Question 3 — If the rollback provisions are invoked at the end of a multiple-year reappraisal, for which years do the rollback provisions apply — the last year only, or all previous years of the reappraisal?
In accordance with the response to Question 2 and with Attorney General Opinion No. 96-297, it is my opinion that if the rollback provisions are invoked at the end of a multiple-year reappraisal, they must be applied to every year for which taxes calculated on the basis of the reappraised values were imposed.
Question (4) — If the rollback is applied retroactively, would the taxing unit be responsible for refunds?
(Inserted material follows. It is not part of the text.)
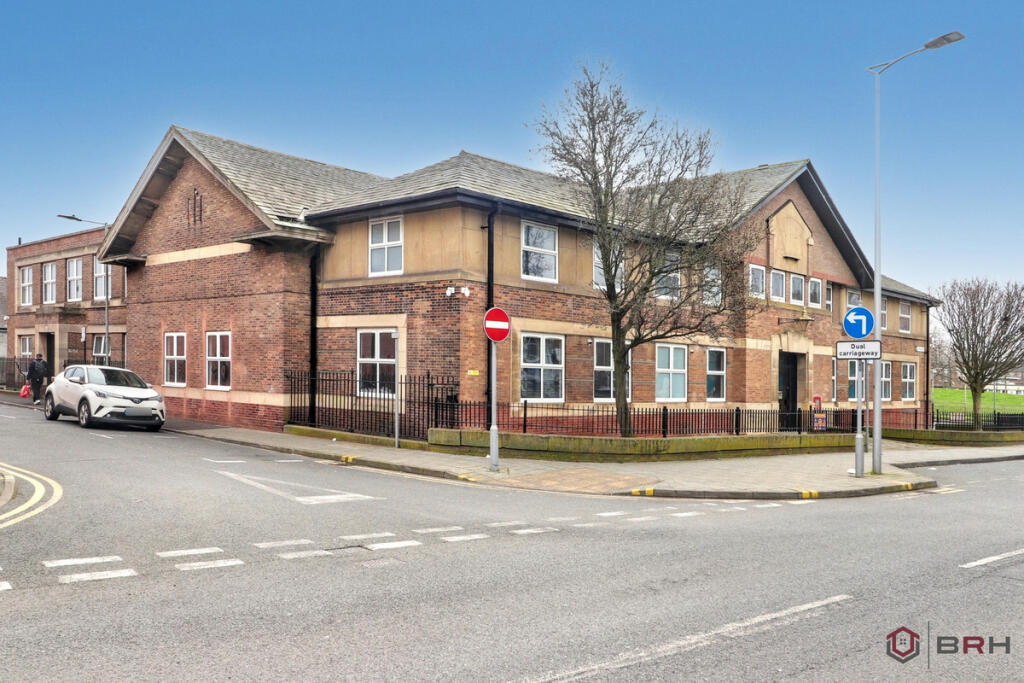 Main image of property: The Old Courthouse, Waterdale, Doncaster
Assuming that it is conceded that the rollback could have been appropriately applied in a previous year, and is therefore applied retroactively, the issue of tax refunds (if refunds are in order) will be governed by the provisions of A.C.A. § 26-35-901. The common law “voluntariness doctrine” may also be applicable. This office analyzed A.C.A. § 26-35-901 in Opinion No. 88-294 (a copy of which is enclosed), and concluded that where a claim for the refund of erroneously assessed and collected taxes has been validly, factually established, the statute requires that the refund be made from the entity which holds the revenues. In that opinion, this office pointed out that a primary consideration in relation to any question of tax refunds is the “voluntariness doctrine,” which, under certain circumstances, precludes the refund of taxes that were voluntarily paid. For further discussion of the “voluntariness doctrine,” see Op. Att’y Gen. No. 89-164, a copy of which is enclosed. The voluntariness doctrine may preclude refunds in the situation about which you have inquired.
The question of tax refunds is always very fact-intensive and will turn largely upon the evidence that is adduced in support of the claim for refunds, as well as the evidence presented in support of the applicability of the “voluntariness doctrine.” Similarly, the question of responsibility for payment of refunds is also quite fact-oriented, and must involve a consideration of the particular manner of and parties involved in collection and disbursement. For these reasons, I cannot opine conclusively in response to your question. I merely point you to the governing statute, to the previous opinions of this office, and to the cases cited therein regarding refunds and the voluntariness doctrine. These sources of law and information may be used as guidelines in determining the appropriate course of action.
Finally, with regard to all of your questions, I reiterate that issues surrounding Amendment 59 are particularly thorny, and are likely to remain so until such time as further judicial or legislative clarification has been provided.
The foregoing opinion, which I hereby approve, was prepared by Assistant Attorney General Suzanne Antley.